Wow, that was my first thought reading through these powerful writings. I found myself reading it from start to finish, started over again and then read through it a third time. I cannot even pick one favourite, as they all touched my heart in different ways.

In the editor’s introduction, we are told that “a story is a piece of a writer’s heart, written to inspire, change and challenge the thoughts of their friends, peers, children and the world”. That really stuck with me as I read through each story, poem and nonfiction. We are given a very real, raw, honest look into each author’s life, moment in time, feelings and family history. Some of these moments made me pause and reflect and other times, you could feel their pain (and the hurt that they hid) from their words.

From those who feel isolated and lost after immigrating to North America, feeling a need for their home and those who came as skilled workers but cannot actually use those skills. From family divides to the power of your name. Each page carries an important story and lesson not only for those of Asian descent but individuals of all backgrounds. These collections will hit home to those of Asian descent and I am sure will remind them of their family members or even moments in their own life, making each story very relatable and possibly bring understanding. My husband found a connection to the story around immigrants who have come to North America but cannot use the skills and degrees that they achieved overseas. He immigrated from Zimbabwe and faced many barriers with his education being recognized and really struggled in the first five years of being in Canada.

It is so important to listen, to learn and to be mindful of our own words and the impact that they can have on others. So many times individuals from another culture cannot understand nor appreciate the sacrifices and the history of a family and this is why it is important to speak those words and to write them down. I found the afterword just as important as it contained information about health as it pertains to Asians titled, ‘Save a Life, Stop Being Asian” and given the context of the pandemic that we are in this is so important. Especially as we see the same themes of stoicism, politeness and the family hierarchy. JF Garrard gives a very personal and real approach to handling health crisis’ in the family, especially with parents.

This is a very special anthology that has had a great impact on me. It was honest, it was raw and it was full of feeling and wisdom – a definite must read.

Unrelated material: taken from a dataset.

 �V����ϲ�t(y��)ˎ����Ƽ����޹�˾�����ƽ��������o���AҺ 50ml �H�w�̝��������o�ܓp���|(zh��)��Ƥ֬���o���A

You can purchase a copy of Belief on Amazon.

Rating: 5/5

About Ricepaper Magazine

Ricepaper Magazine is a Vancouver-based Canadian literary magazine which has showcased Asian Canadian literature, culture, and the arts since 1994.

Ricepaper Magazine publishes new poetry, fiction, drama, graphic novels, translation, as well as cultural reviews of books, theatre, and film. Ricepaper Magazine also publishes original art and photography.

Ricepaper first began in 1994 as a newsletter for the Asian Canadian Writers’ Workshop (ACWW) – eight pages which were photocopied back-to-back and stapled together. Ricepaper was a way for ACWW members to communicate amongst each other as well as celebrate each other’s successes. ACWW, a non-profit organization, continues to publish Ricepaper today.  From these humble beginnings, Ricepaper became a quarterly magazine that was distributed coast-to-coast, publishing the new voices coming out of the Asian Canadian arts and literary community. With advancements in technology, Ricepaper has moved online affording writers a much wider audience and far richer medium to deliver ideas. Ricepaper Magazine continues to be the longest running literary magazine of its kind with an Asian Canadian perspective.

Disclosure: I received a copy of Belief in order to facilitate this review. All opinions expressed are my own.